Preishöhe festlegen – die Honorarformel
Sie legen den Preis fest. Der Mandant akzeptiert oder eben nicht. Natürlich gibt es Obergrenzen, ab der Mandanten „aussteigen“. Aber glauben Sie mir: 80 % der Steuerberater kratzen noch nicht mal an diesen Grenzen.
Mit folgender Formel können Sie jedes Honorar intern kalkulieren:
Beispiel | |
Zielhonorar | = Ihr Stundensatz |
× (Stunden [Worst Case] + Sicherheitszuschlag) | |
× Risikozuschlag (Faktor) | |
|
Bauen Sie auf Ihre Erfahrungswerte. In mindestens 80 % der Fälle brauchen Sie für Fibu, Bilanz etc. bei vergleichbaren Mandanten auch vergleichbar viel Zeit. Den Unterschied macht eher die Qualität der Zusammenarbeit aus als unterschiedliche Sachverhalte.
Praxistipp | Insbesondere der Übergang bei bestehenden Mandanten zu einem neuen/anders gestalteten/höheren Honorar kann eine besondere Herausforderung sein. Daher ist es meist einfacher, zunächst für „neue“ Mandanten zu denken. |
Zum Abschluss
Indem Sie sich nicht von den vier Irrtümern narren lassen, sondern Klarheit und Transparenz in der Honorarpolitik anstreben, erreichen Sie sowohl qualitativ als auch quantitativ ein neues Honorarniveau.

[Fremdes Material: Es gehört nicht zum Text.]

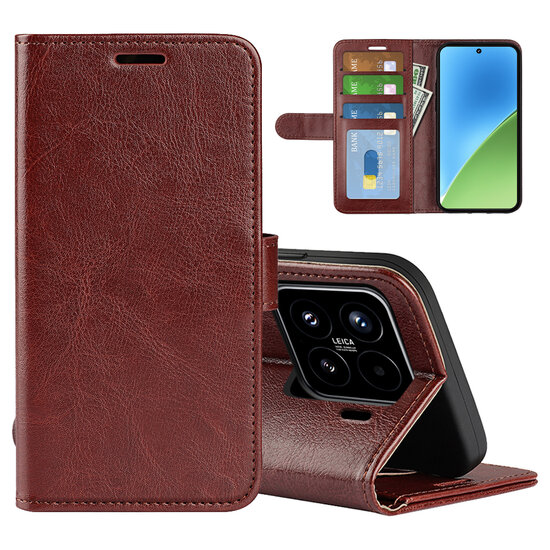 https://www.telefoonhoesje.nl/Files/10/159000/159649/ProductPhotos/Large/2146707024.jpg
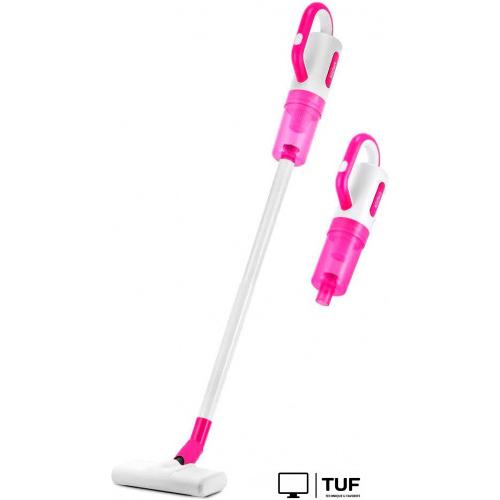 Пылесос Kitfort KT-5350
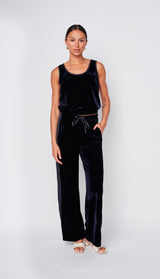 image-46870859153643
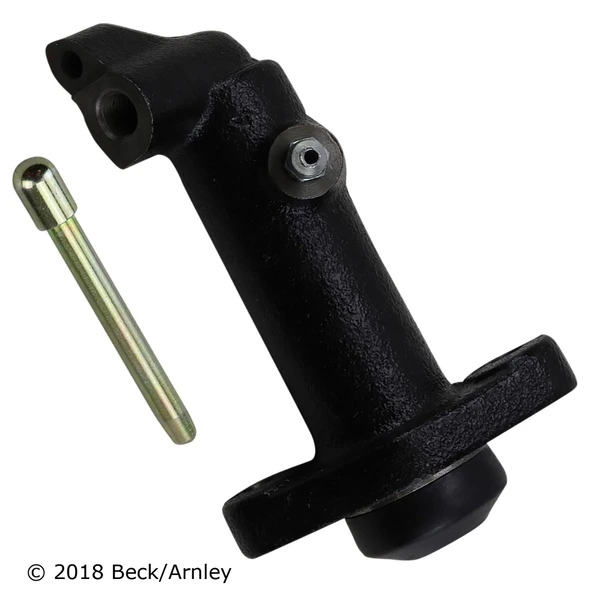 Beck/Arnley 072-9040 Clutch Slave Cylinder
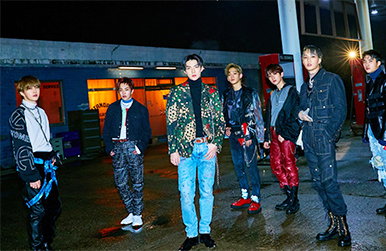 엑소 '2억뷰 뮤비' 3편으로 늘어…'코코밥'도 돌파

Die neue Struktur Ihres Dienstleistungsangebots | ||
Im Hinblick auf die Klarheit und Transparenz für die Mandanten und zur Erleichterung des Angebotsgesprächs haben sich folgende Kategorien bewährt: | ||
Basismodul | Individual-Module | Wunschmodule |
Alle gesetzlich vorgeschriebenen Komponenten und alle Komponenten, die Sie in Ihrer Kanzlei als unabdingbar festlegen. Das Motto: Darunter tun wir es nicht. | Alle Komponenten, die sich aufgrund der individuellen Sachlage beim Mandanten gesetzlich ergeben. Sie resultieren nicht daraus, dass Sie dem Mandanten irgendetwas verkaufen wollen, sondern aus seinen Entscheidungen (Bargeldberührung, Auslandssachverhalte, Statistiken, Bausachverhalte, Reporting etc.). | Alle Module, die der Mandant aktiv wünscht (Kostenrechnung, Soll-Ist-Vergleich, kürzerer Buchungsrhythmus etc.) |
Für das Basispaket nehmen Sie den Preis, den Sie bisher auch berechnet haben. | Festbeträge, wahlweise auch als Zehntel oder Zwanzigstel aus der StBVV | Zuschlag zum Basispaket |
Auf dieser Grundlage realisieren Sie spielend die vier G der Honorarpolitik:
- Glasklar: Mandanten können und wollen sich keine finanzielle Ungewissheit leisten. Ein gut gestaltetes Honorar bedient dieses Sicherheitsbedürfnis. Daher kennt der Mandant das Honorar auch, bevor Sie mit Ihrer Dienstleistung beginnen.
- Ganz transparent: Ihre Preisgestaltung ist durch den Mandanten nachvollziehbar. Mandanten schätzen es, wenn sie verstehen, wovon ihre Kosten abhängen.
- Gerecht und fair: Jeder zahlt dasselbe für dieselbe Dienstleistung. Abzocke gibt es nicht – auf beiden Seiten!
- Gewinnbringend: Sie und Ihre Mitarbeitenden wollen von der Kanzlei leben. Das Honorar ist so bemessen, dass es den Mitarbeitern möglich ist, den angestrebten Deckungsbeitrag zu erreichen.